Each line of the material should be set down exactly. Pictures are not part of the copy.

## Dataset extract

____________________

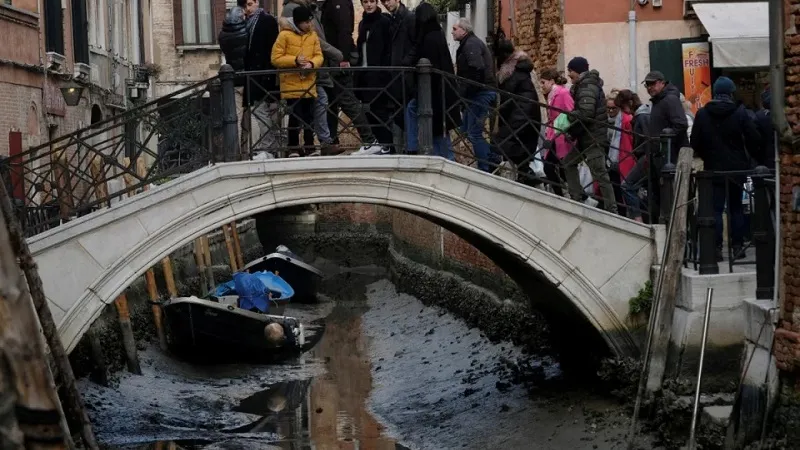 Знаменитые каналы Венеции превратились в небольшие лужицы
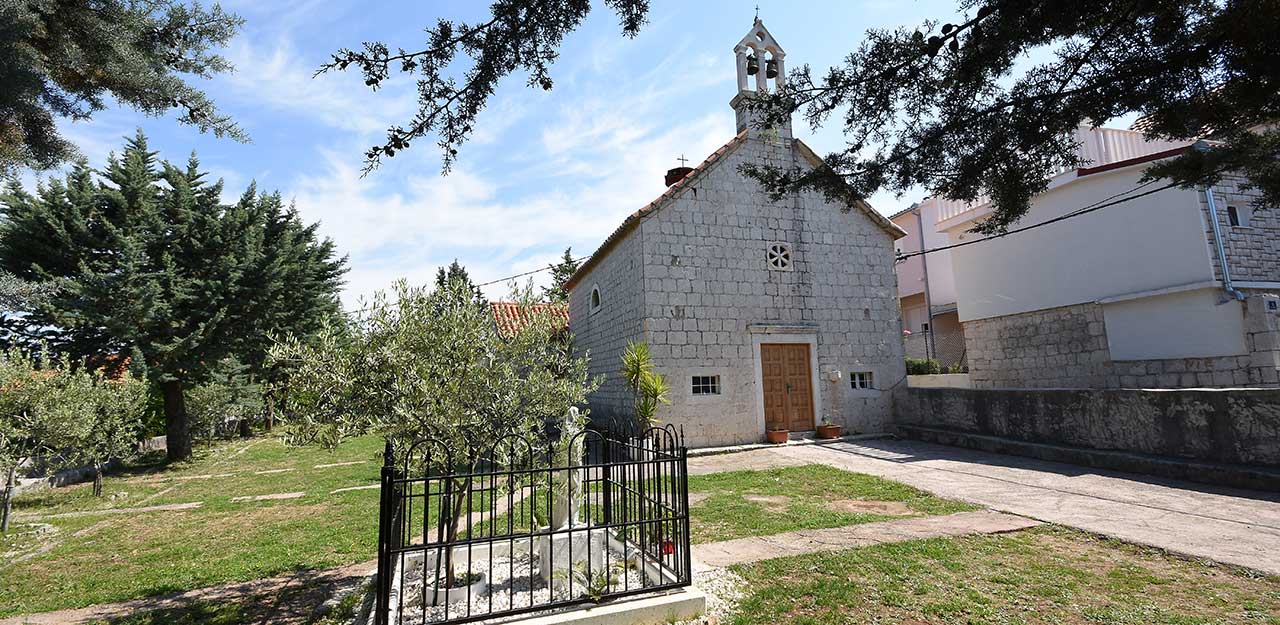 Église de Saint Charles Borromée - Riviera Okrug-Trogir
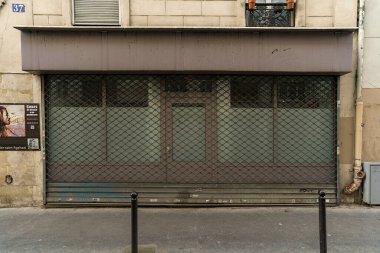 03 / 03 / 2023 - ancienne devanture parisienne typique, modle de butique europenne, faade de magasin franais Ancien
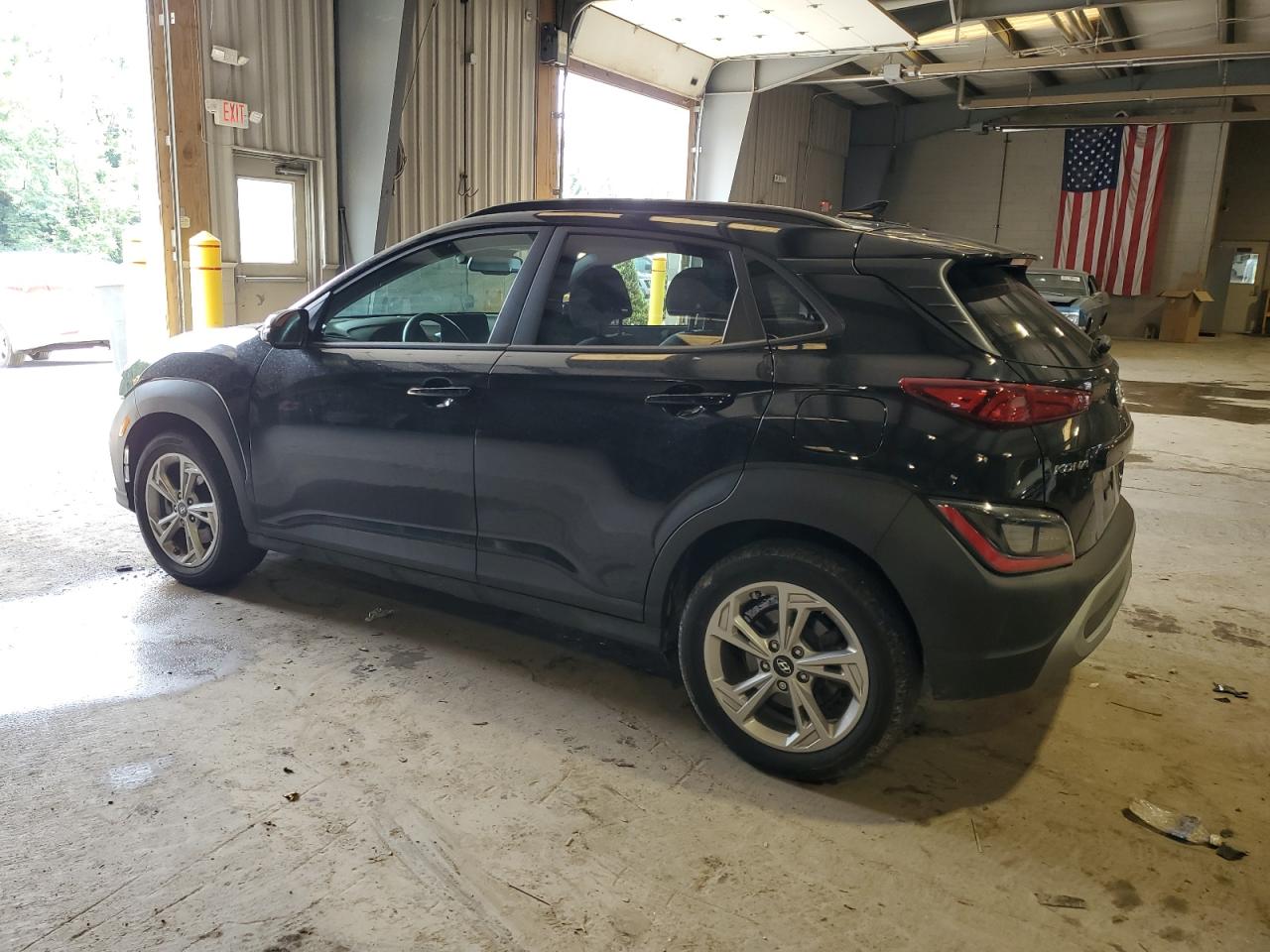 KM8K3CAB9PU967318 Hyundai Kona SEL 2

____________________

## Output of the task
 Знаменитые каналы Венеции превратились в небольшие лужицы
 Église de Saint Charles Borromée - Riviera Okrug-Trogir
 03 / 03 / 2023 - ancienne devanture parisienne typique, modle de butique europenne, faade de magasin franais Ancien
 KM8K3CAB9PU967318 Hyundai Kona SEL 2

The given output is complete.